Hadoop to impact how mobile operators tackle big data
Editor’s Note: With 2016 now upon us, RCR Wireless News has gathered predictions from leading industry analysts and executives on what they expect to see in the new year.
Last January we predicted 2015 would be the year of data-driven applications built from the ground up on Hadoop. The validity of this prediction was confirmed with the Hadoop application focus at Strata this year.
Mobile operators truly have “big data.” I’d like to look forward to 2016 and build on the original post based on what we have experienced working with some of the largest, most visionary mobile operators in the world.
In 2015 we coined the phrase ‘native Hadoop applications vs. alien applications.’ We believe in 2016 big data savvy customers will demand data-driven applications built from the ground up on Hadoop
In 2015, a typical question was “do you support Hadoop?” As customers get past installing Hadoop clusters and are getting more educated on Hadoop, we are seeing more and more questions like:
• How does your application run on a Hadoop architecture?
• How does your application store data in Hadoop?
• Do you support querying through Impala?
• Do you support Yarn?
• Do you support Kerberos and Sentry?
• Is your application built on native Hadoop components?
In 2016, as customers gain more knowledge on Hadoop they will demand native applications over aliens.
Fraud detection will be one of the top three big data/Hadoop application initiatives in every major mobile communications company
Mobile operators understand that data silos reduce the ability to analyze data effectively and nearly all of the leading mobile operators have a data lake strategy. A communication service provider data lake can consist of:
• Batch billing data – TD.35, CDR, TAP 3
• Real-time call packets – ISUP, BSSAP, MAP
• Real-time fixed call packets – ISUP, Diameter
• Real-time VoIP call packets – SIP, H.323, Diameter
• Real-time data packets – GTP, Diameter
• Business data – CRM, billing
Based on our experience, fraud and security applications are the low hanging fruit for rapid Hadoop return on investment against a CSP data lake. The new top three types of real-time fraud attacks are international revenue share fraud, interconnect bypass and premium rate service fraud.
We predict that in 2016 revenue threats in the form of fraud threats, profit threats, and service level agreement threats will be discovered by using real-time analytics against these new CSP data lakes. We also predict fraud and revenue threat analytics applications will be one of the top three Hadoop initiatives for mobile operators in 2016.

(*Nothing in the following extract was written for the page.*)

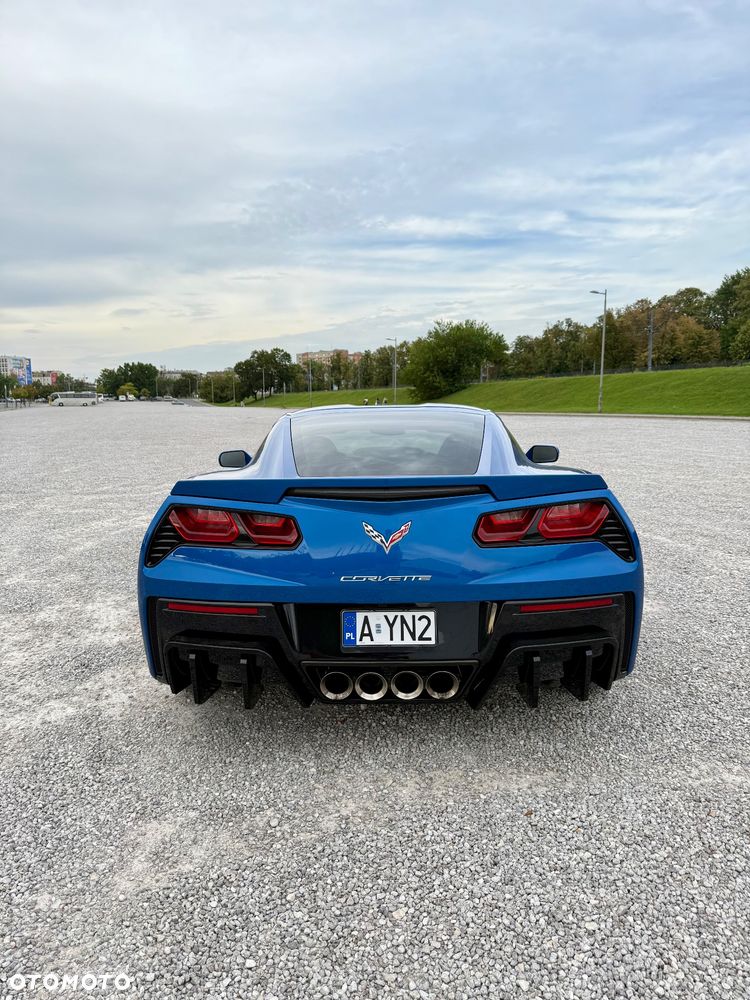 Chevrolet Corvette - 4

Packaged machine learning applications built natively on Hadoop will become the preferred way to detect fraud and revenue threats in mobile networks against massive CSP data lakes
Donald Rumsfeld is famous for the phrase:
“There are known knowns. These are things we know that we know. There are known unknowns. That is to say, there are things that we know we don’t know. But there are also unknown unknowns. There are things we don’t know we don’t know.”
Last year we discussed the challenge of detecting “known unknowns and unknown unknowns” types of attack. Traditional rules-based approaches simply cannot detect new, unknown zero-day attacks. These types of attacks are now visible to modern machine learning using anomaly detection when you have enough data and signal.
We predict, in 2016 existing rules-based systems will sit side-by-side with modern machine learning (anomaly detection) fraud detection systems. Known unknowns and unknowns unknowns will move from a cloak of invisibility to obvious anomalies.
Packaged graph analysis applications built natively on Hadoop will become the preferred way to detect crime rings attacking mobile networks
Today, criminal attacks against a mobile network typically use “flat-world forensics.” LinkedIn discovers business relationships through one or more degrees of separation using graph analysis.
We believe that 2016 will see the same techniques used to detect organized, criminal relationships through one or more degrees of separation and these applications will be packaged up to make it simple for any analyst to use.
Packaged native Hadoop machine learning applications will become the preferred way to detect anomalous, suspicious behavior in IoT networks
We believe mobile and “Internet of Things” networks in the SIM-connected world will share the need for advanced anomaly detection and machine learning. The IoT industry is estimated to grow in the range of $3.9 trillion to $11 trillion and we believe native Hadoop machine learning applications will be an important part of that industry used to detect anomalous, suspicious behavior.
We predict that in 2016 anomaly detection at the packet level, to detect suspicious behavior, will be required across both mobile and IoT networks.